Für viele Kinder, die jetzt in die Schulen zurückkehren, ist das dort bereitgestellte Essen die einzige gesunde Mahlzeit des Tages. Allerdings müssen die Schulküchen angesichts der rasant steigenden Preise für Lebensmittel sparen. Die Polizei verzeichnet in den vergangenen Monaten einen Anstieg der Ladendiebstähle, entwendet wird Nahrung. Die Polizei versucht, sich auf die neuen Fälle von Mundraub einzustellen und möglichst moderat zu reagieren.

Die Aussichten für den kommenden Winter sind mehr als düster. Verbraucher in Großbritannien müssen sich auf einen weiteren Preissprung für Gas und Strom einstellen, es wird damit gerechnet, dass die Energierechnungen auf bis zu 500 Pfund (578 Euro) im Monat hinaufschnellen werden. Laut Studie sind immer mehr Briten gezwungen, Schulden zu machen. Fachleute der US-Investmentbank Goldman Sachs warnten für den Fall andauernd hoher Gaspreise vor einer Inflation von mehr als 22 Prozent im Jahr 2023, wie die "Financial Times" zuletzt berichtete. Selbst in weniger drastischen Szenarien rechnet Goldman Sachs damit, dass die Inflation ihren Höhepunkt 2023 bei etwa 15 Prozent erreichen könnte. Andere Ökonomen sehen eine Inflation von 18 Prozent auf die Briten zukommen.

Aussichten, die nicht optimistisch stimmen.

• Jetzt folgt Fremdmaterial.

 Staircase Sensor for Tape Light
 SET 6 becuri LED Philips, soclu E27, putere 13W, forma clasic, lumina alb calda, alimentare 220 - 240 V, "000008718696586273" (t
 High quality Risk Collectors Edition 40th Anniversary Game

Die britischen Gewerkschaften wollen dem nicht tatenlos zusehen und haben angesichts der massiven Teuerungen und vergleichsweise moderaten Lohnsteigerungen im Sommer zu Streiks aufgerufen. Am Mittwoch haben zehntausende Beschäftigte der Royal Mail und der britischen Telekom die Arbeit niedergelegt, in Schottland steht die Müllabfuhr still. In Edinburgh, Glasgow und Aberdeen stapeln sich die Müllsäcke. Zudem streikten im August Bahnbedienstete und Hafenarbeiter. Es regt sich überall im Land Widerstand. Die Rede ist von "schändlicher Ungerechtigkeit", der Groll gegen Politiker und Reiche steigt, Zahlungsverweigerung wird propagiert: "Enough is Enough" lautet die Parole.

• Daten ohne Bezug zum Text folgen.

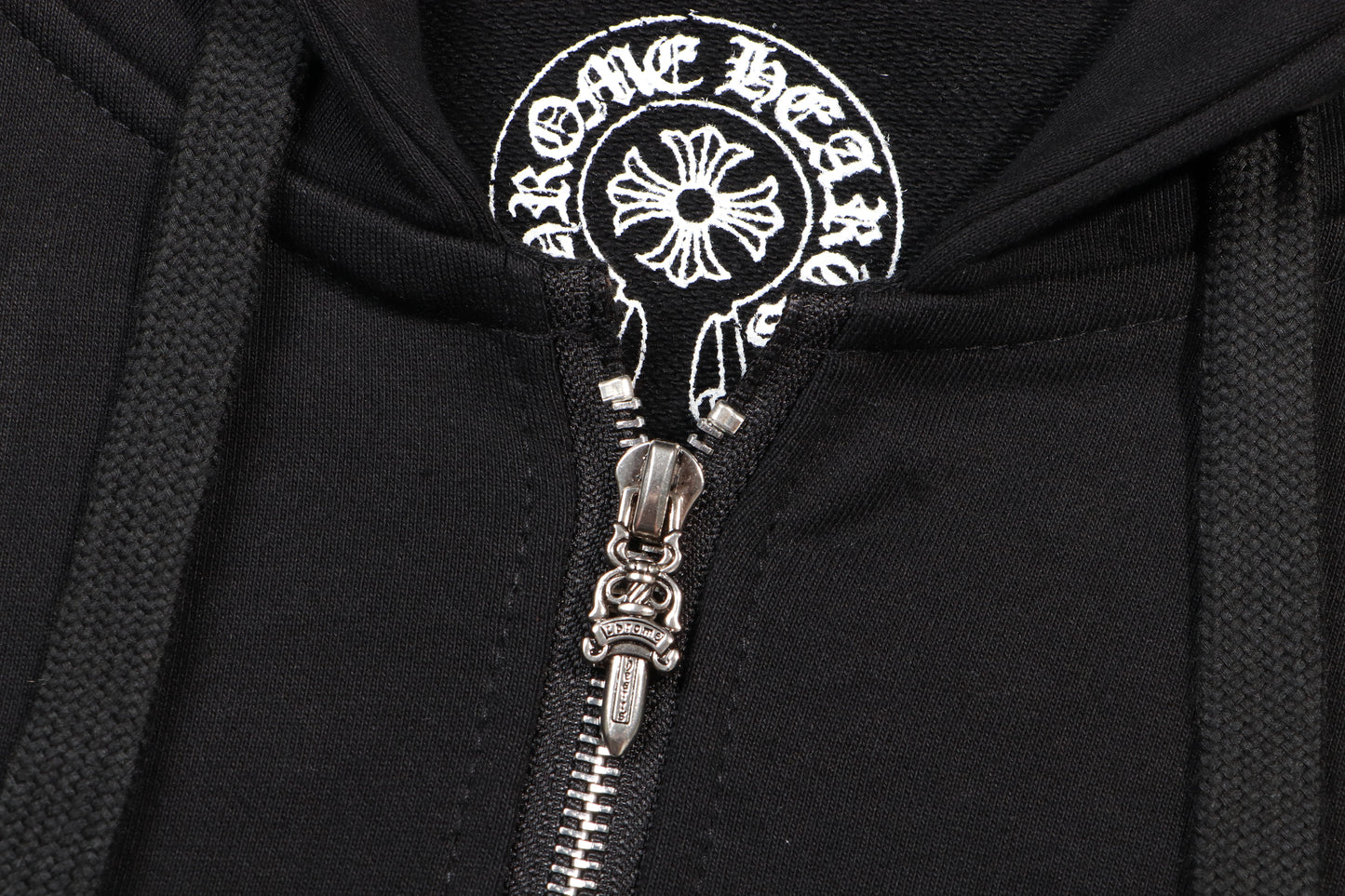 Chrome Hearts Zip Up Hoodie K5013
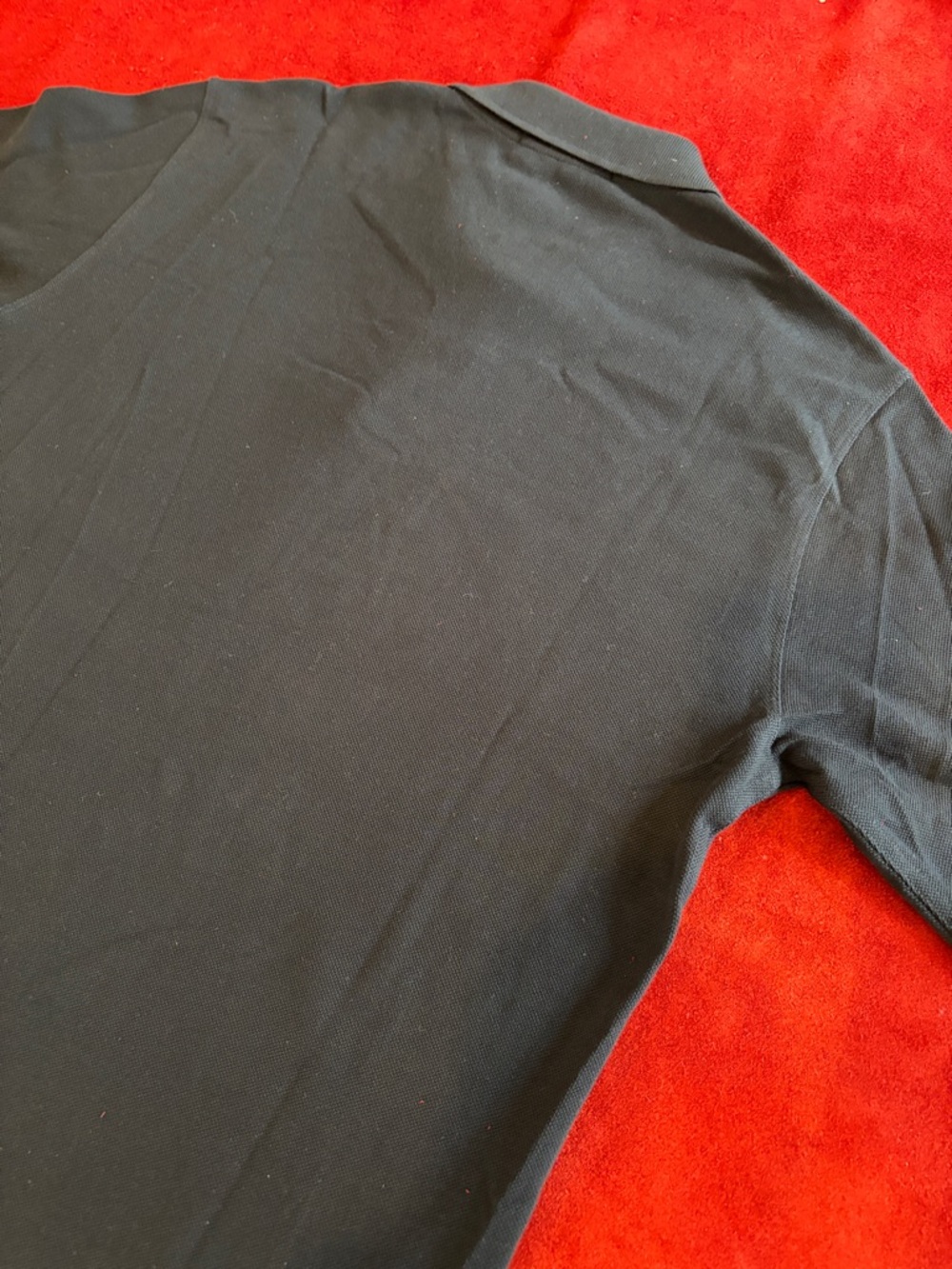 Stone Island Men's Dark Navy Polo with Star Detail - Picture 4 of 4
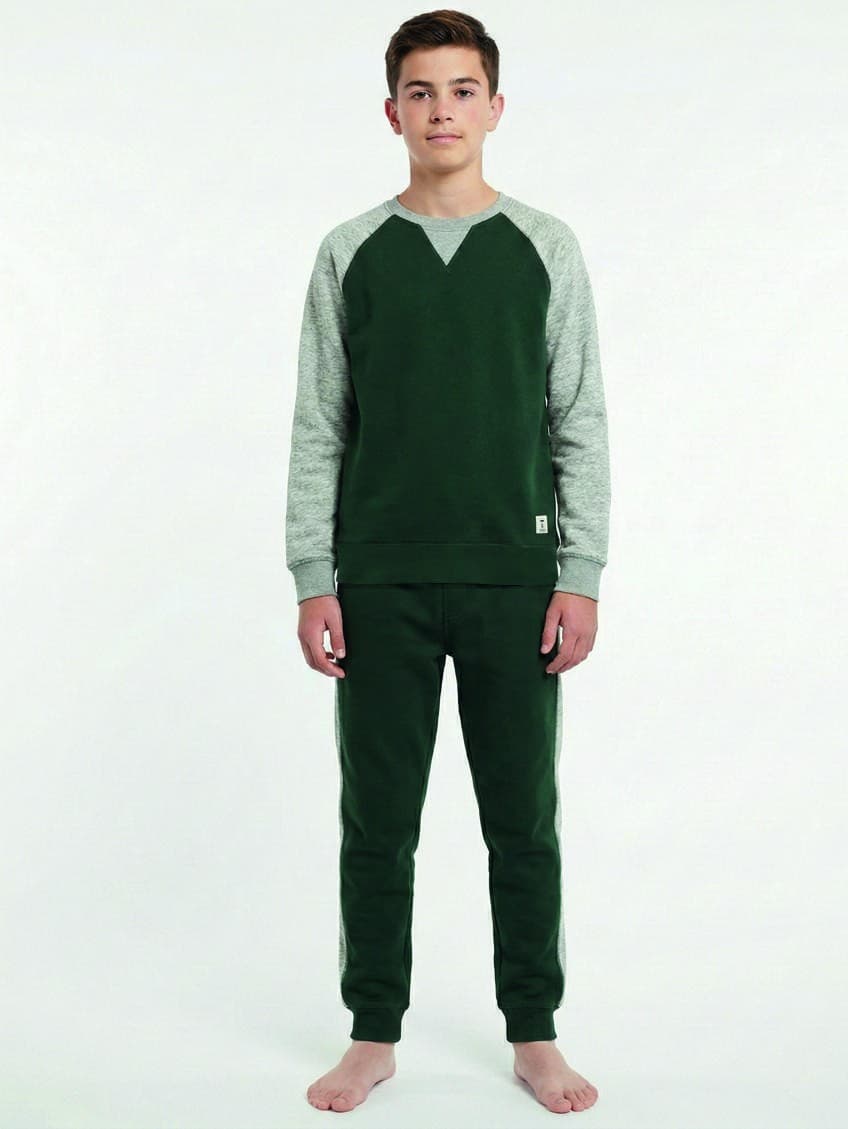 Pigiama ragazzo Interlock linea Albert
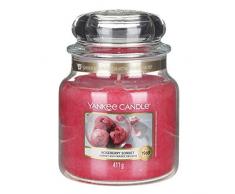 YANKEE CANDLE Classic Bougie parfumée Rose 12,7 cm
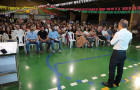 O PPA Cidadão está acontecendo entre os dias 9 e 13 de junho e inclui a organização de salas temáticas que possibilitam o debate de assuntos específicos de cada área da gestão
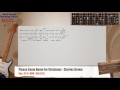 Please Come Home For Christmas - Charles Brown Guitar Backing Track with chords and lyrics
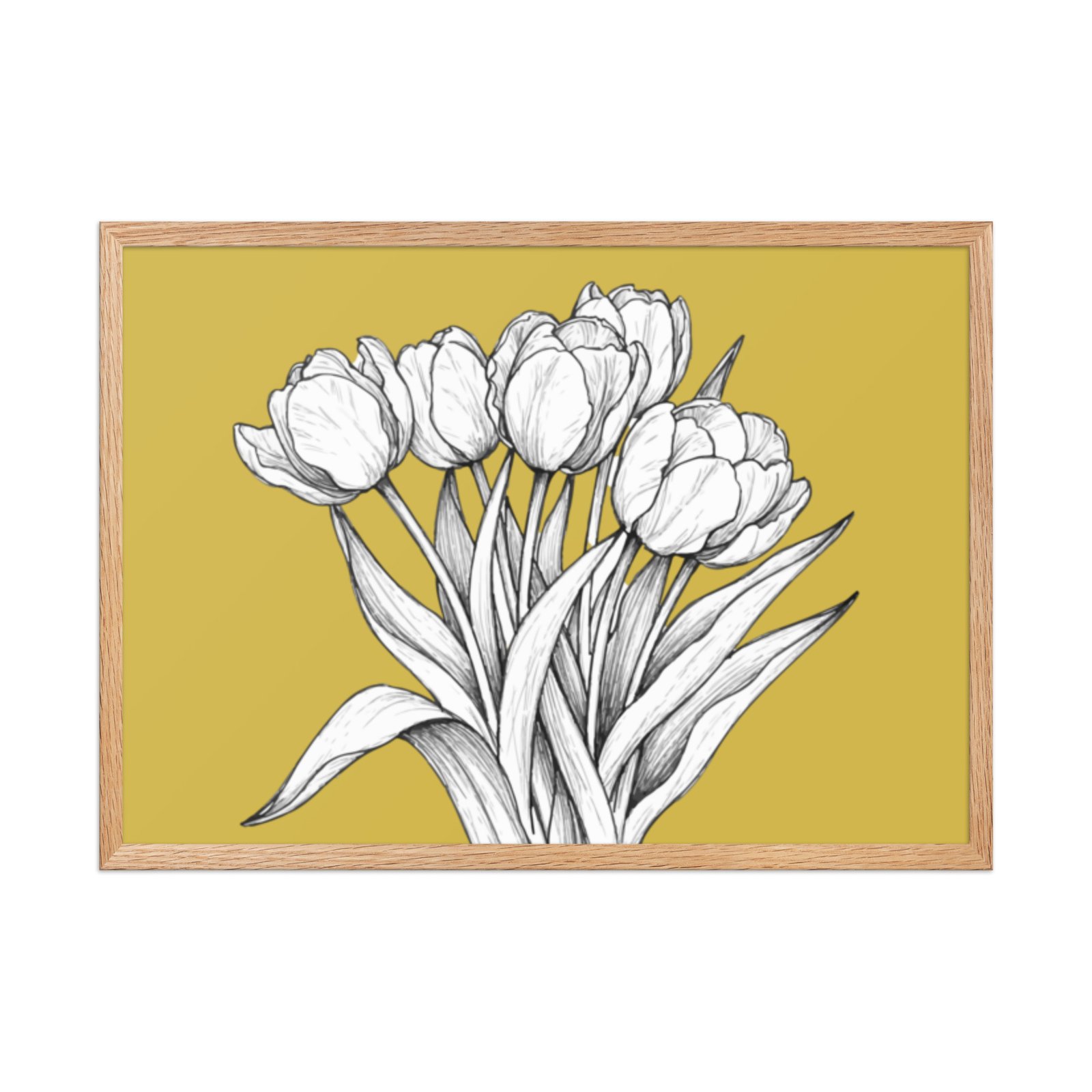TULPĖS · rėmintas paveikslas - Image 8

"Gewaltiges Hilfspaket" in Aussicht gestellt

Zu der Misere kommen die negativen Auswirkungen des britischen EU-Austritts. Ein Bericht des Parlaments hält fest, dass der Brexit der Wirtschaft keine Vorteile, stattdessen nur Probleme gebracht hat. Demnach sind die Kosten für Unternehmen gestiegen, es gibt mehr Bürokratie zu bewältigen, an den Grenzen kommt es zu Verzögerungen. Der Brexit hat das britische Handelsvolumen schrumpfen lassen und der Ukraine-Krieg zieht die Wirtschaft weiter nach unten.

Diese Entwicklungen lassen die Alarmglocken schrillen, die Rede ist von einer künftigen Katastrophe. Politiker und Experten fordert von der neuen politischen Führung in Downing Street 10 drastische Schritte. So müsse ein Energieunterstützungspaket im Umfang von mehreren Milliarden Pfund geschnürt werden.

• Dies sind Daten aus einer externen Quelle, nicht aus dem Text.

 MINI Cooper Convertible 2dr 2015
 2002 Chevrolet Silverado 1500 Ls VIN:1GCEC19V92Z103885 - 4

Die beiden Anwärter auf das Amt des Premiers, Liz Truss und Rishi Sunak, versprechen umfangreiche Entlastungen - entweder durch Steuersenkungen oder direkte Unterstützung bei der Begleichung der Stromrechnungen. Truss kündigte zudem massive Steuersenkungen an - was Sunak als ehemaliger Finanzminister nicht unterstützt.

Der scheidende Premier Boris Johnson hat bereits angekündigt, dass demnächst "ein gewaltiges Hilfspaket" vorgestellt werde - egal, wer seine Nachfolge antrete. Doch ist Johnsons Glaubwürdigkeit bei den Briten nach zahlreichen Skandalen gering.